Jakarta Pemerintahan Presiden Prabowo Subianto menghadapi tantangan serius dalam menyusun Anggaran Pendapatan dan Belanja Negara (APBN) 2026.
Peneliti Senior Departemen Ekonomi CSIS, Deni Friawan, menyoroti bahwa pembayaran pokok dan bunga utang yang jatuh tempo tahun depan diperkirakan mencapai sekitar Rp800 triliun. Jumlah ini menjadi salah satu faktor utama yang membuat ruang fiskal semakin sempit.
Dari sisi defisit, kita lihat bahwa besarnya pembayaran pokok dan bunga utang yang akan jatuh tempo tahun depan, yang diperkirakan akan sekitar Rp800 triliun, kata Deni dalam Media Briefing CSIS RAPBN 2026: Menimbang Janji Politik di Tengah Keterbatasan Fiskal, Senin (18/8/2025).
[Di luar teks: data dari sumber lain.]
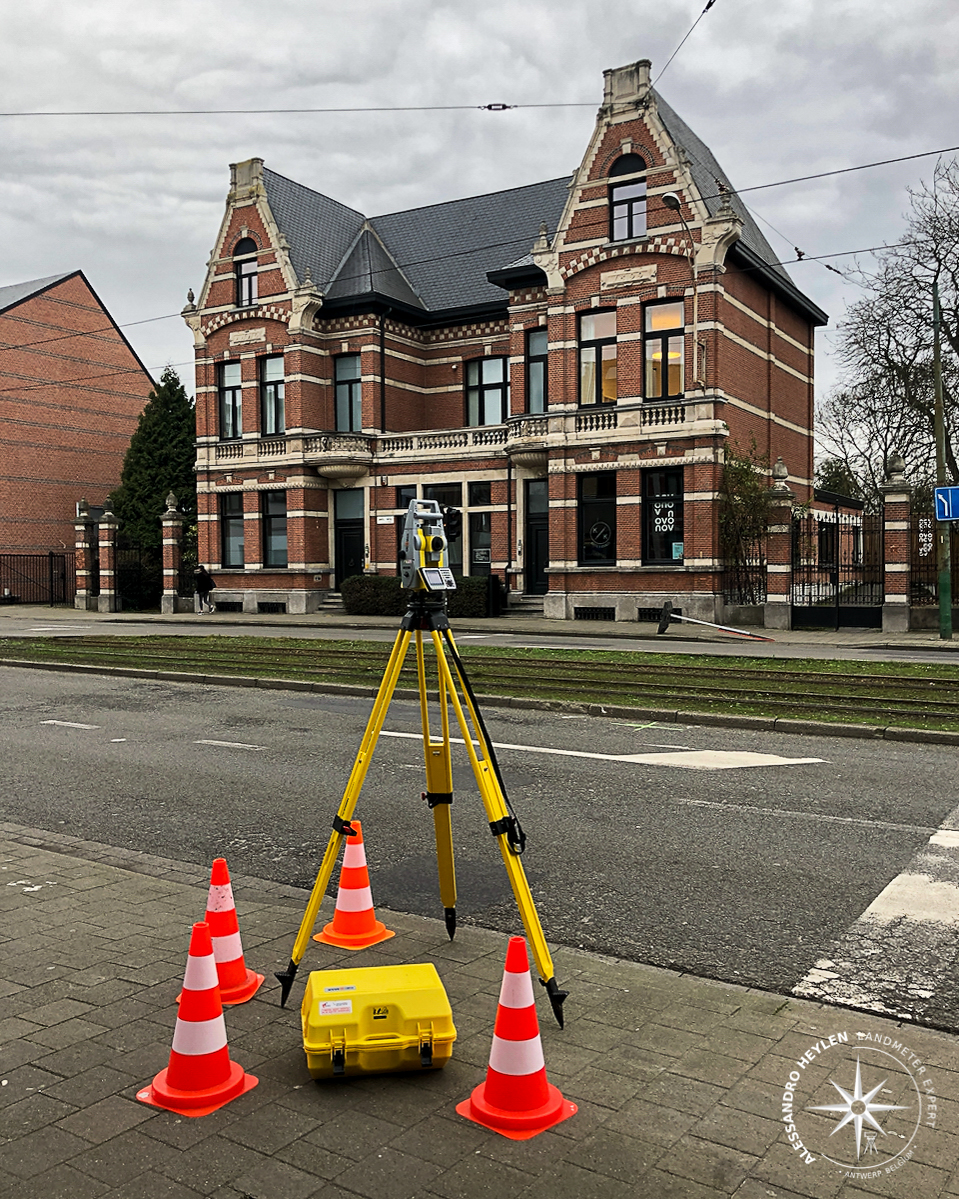 landmeters Antwerpen | Landmeterskantoor Alessandro Heylen Antwerpen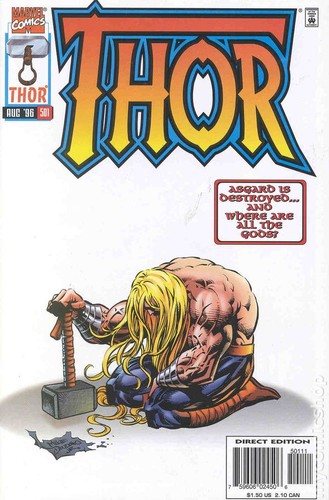 Thor 501 1996 - 1996, image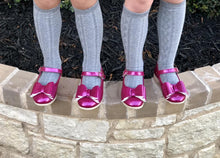 Load image into Gallery viewer, [Original Berry] Bow Shoes
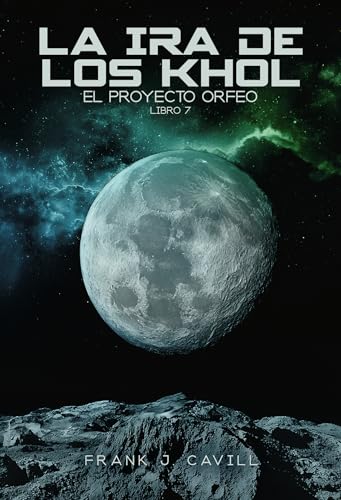 Portada de La ira de los Khol:, de Frank J. Cavill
Menurut Deni, beban utang yang menumpuk berbarengan dengan belanja mengikat lainnya, seperti subsidi dan belanja pegawai, membuat fleksibilitas anggaran pemerintah sangat terbatas.
Kondisi tersebut memaksa pemerintah untuk berhitung cermat agar tetap mampu membiayai program prioritas tanpa mengorbankan stabilitas fiskal.
Dan beberapa tahun berikutnya, bersamaan dengan berbagai item belanja mengikat lainnya, itu membuat ruang fiskal kita menjadi sempit, ujarnya.
Meski demikian, ia menilai disiplin fiskal pemerintah tetap patut diapresiasi. Dengan defisit dijaga di bawah 3% dari Produk Domestik Bruto (PDB), ada sinyal positif bahwa keberlanjutan fiskal masih menjadi perhatian utama.
Beruntungnya atau baiknya, ada kedisiplinan fiskal pemerintah dengan menjaga keseimbangan primer dan defisit, anggaran terkendali di bawah 3% dari PDB. Ini adalah hal yang positif dan perlu diapresiasi, ujarnya.